The recent declarations of the Minister of Consumption have opened a debate on meat that is very pertinent in the framework of the ecological transition that we are obliged to undergo. It is true that, as is usual in this country, the discussion has derived from the beginning in some defensive over-acting that has gone from the visceral to the inane without handling too many arguments. But precisely for this reason, it may be of interest to track meat consumption and its problems.
Although surely the human being was already a carnivore at the origin of the species itself, the incorporation of meat into the diet as a common element that all members of a society can have, even several times a day, is very recent. For many centuries, meat was for most people a scarce food that was consumed rather sporadically and in small quantities. Precisely because of this scarcity, the great celebrations were traditionally associated with the consumption of meat as a special delicacy that marked special moments.

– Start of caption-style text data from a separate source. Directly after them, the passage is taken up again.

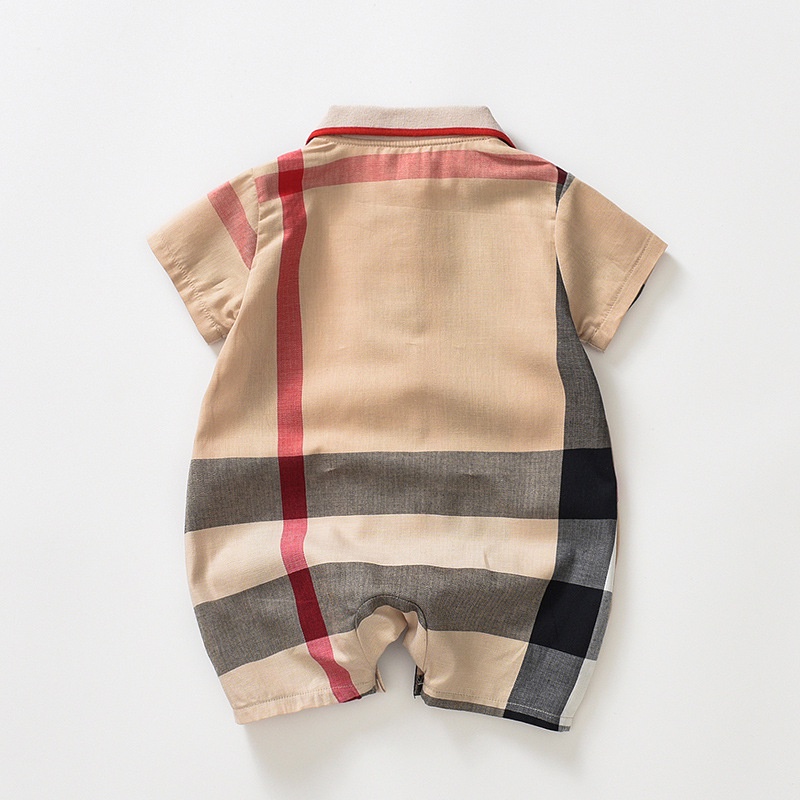 Áo Liền Quần Polo Tay Ngắn Thời Trang Cho Bé Trai 0-18 Tháng Tuổi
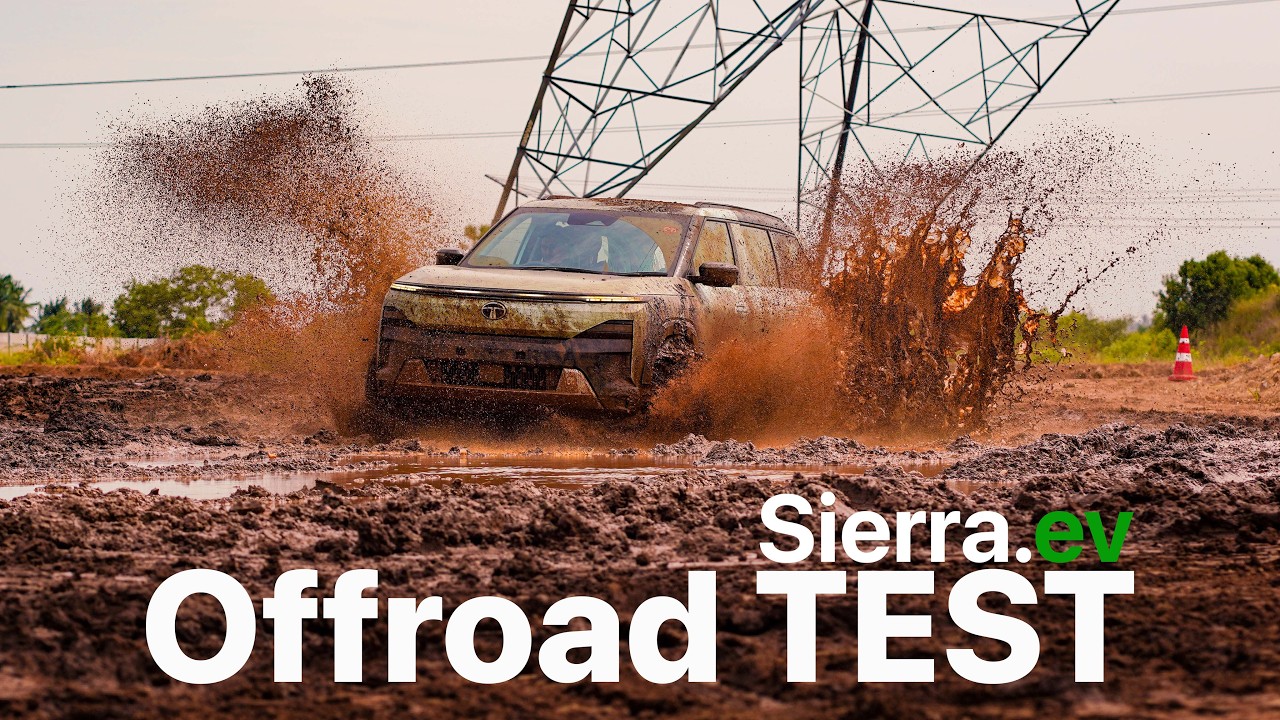 Tata Sierra EV AWD Off-Road Test | Electric SUV Conquers Extreme Obstacles! | GoPro inside POV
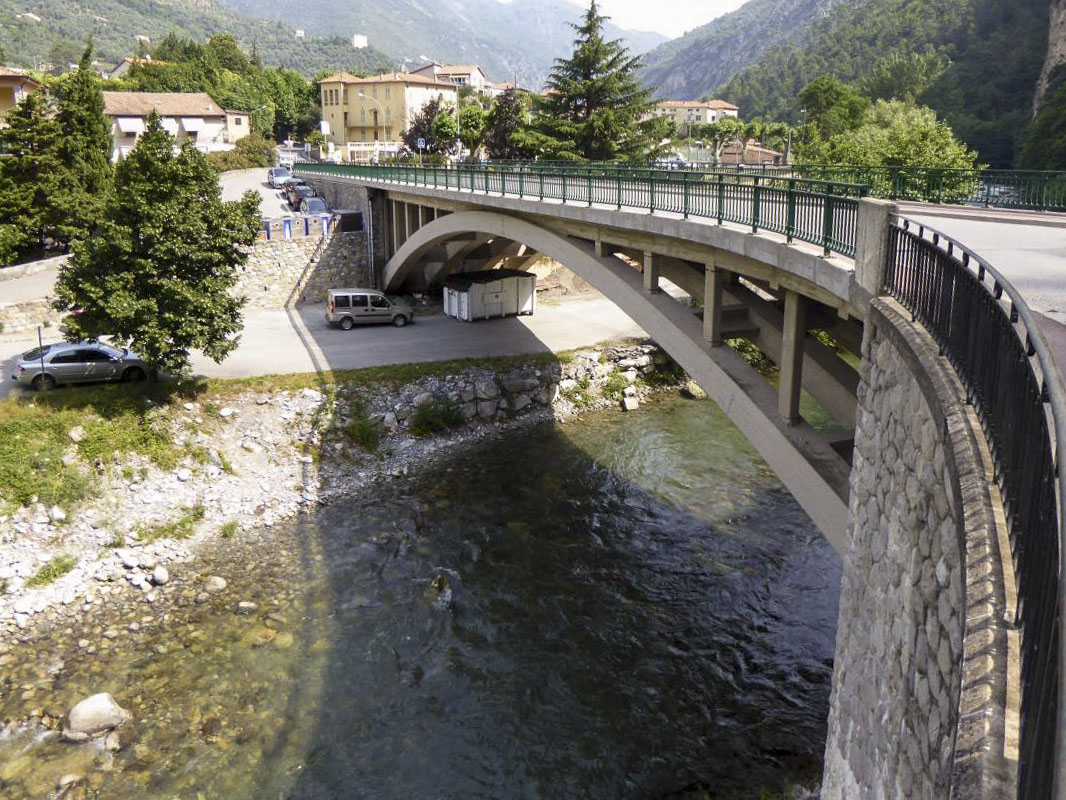 Ligne Maginot - 23 - PONT SUPERIEUR - (DMP - Dispositif de Mine Permanent) - Le pont actuel, aucune trace de l'ancien pont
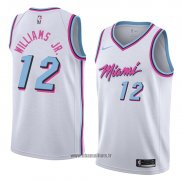 Maillot Miami Heat Matt Williams Jr. No 12 Ville 2018 Blanc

Nutritional studies with a historical perspective tell us that meat consumption in the rich world has been growing slowly and very irregularly from about the end of the 19th century, and it took a spectacular turn around the 1950s. In the Spanish case, following the data provided by the FAO food balances (FAOSTAT), we see that the total food supply of meat per inhabitant has gone from about 20 kilos a year in 1961 to more than 100 kilos recently. Thus, meat has ceased to be a party to become a routine, and one might wonder if it has not ended up becoming a real excess.
The first cause that explains the explosion of meat consumption has to do with the evolution of per capita income. Historically, it is proven that the increase in per capita income in any country has been accompanied by important modifications in the diet, which imply a reduction in the consumption of more traditional foods such as bread, potatoes or legumes, and an increase in foods considered “superior” for being tastier or more nutritious, as would be the case with meat or dairy. Following this dynamic, the generalization of meat consumption occurred in rich countries throughout the second half of the twentieth century, while emerging countries such as China, India or Brazil have begun to experience it much later, and are currently experiencing it. at per capita levels much lower than ours.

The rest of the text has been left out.